**THE TASK**
Print exactly the lines below between the line containing "Propolis Benefits: Natural" and the line containing "東武動物公園に投稿された画像（2022/5/7）", counting both of those lines. Leave pictures out.

Start of DATA FOR THE TASK

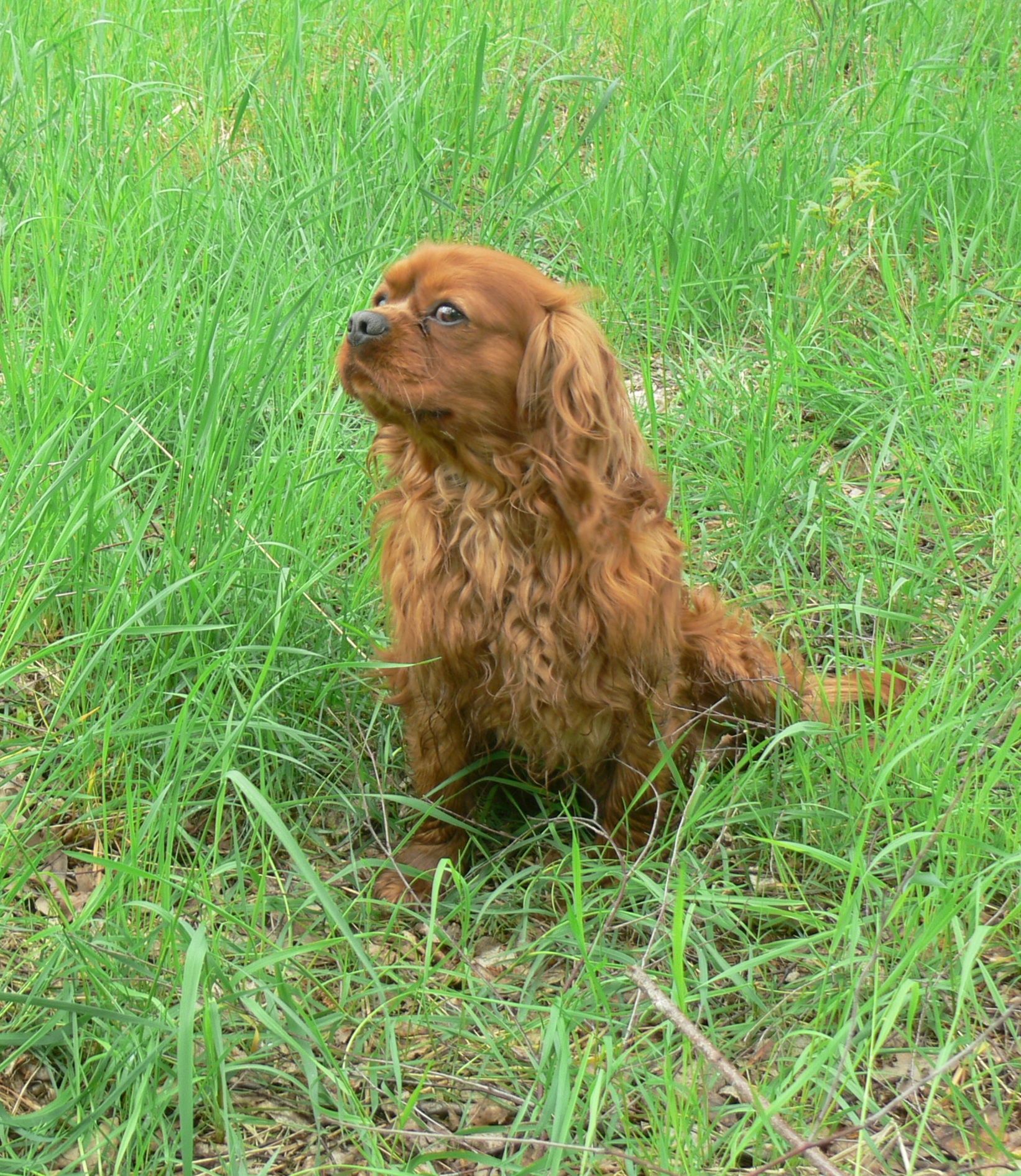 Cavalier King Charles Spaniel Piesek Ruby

End of DATA FOR THE TASK
Start of DATA FOR THE TASK

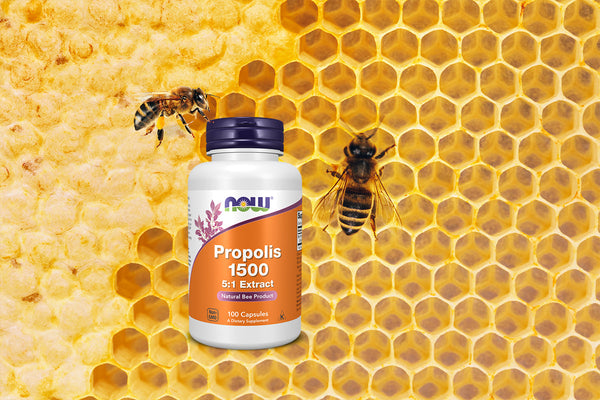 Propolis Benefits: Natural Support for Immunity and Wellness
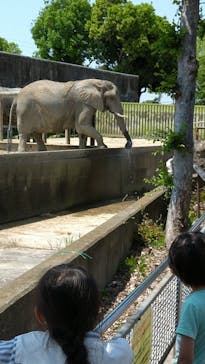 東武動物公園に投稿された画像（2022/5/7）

End of DATA FOR THE TASK
Start of DATA FOR THE TASK

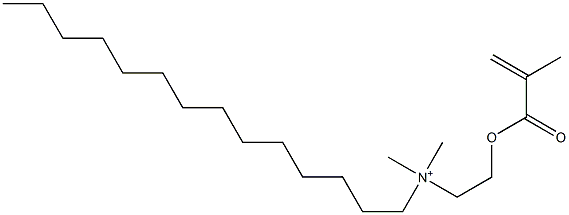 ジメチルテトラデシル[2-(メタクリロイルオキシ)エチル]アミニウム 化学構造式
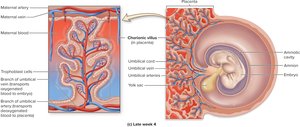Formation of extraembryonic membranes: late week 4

End of DATA FOR THE TASK

**RESPONSE BELOW**
 Propolis Benefits: Natural Support for Immunity and Wellness
 東武動物公園に投稿された画像（2022/5/7）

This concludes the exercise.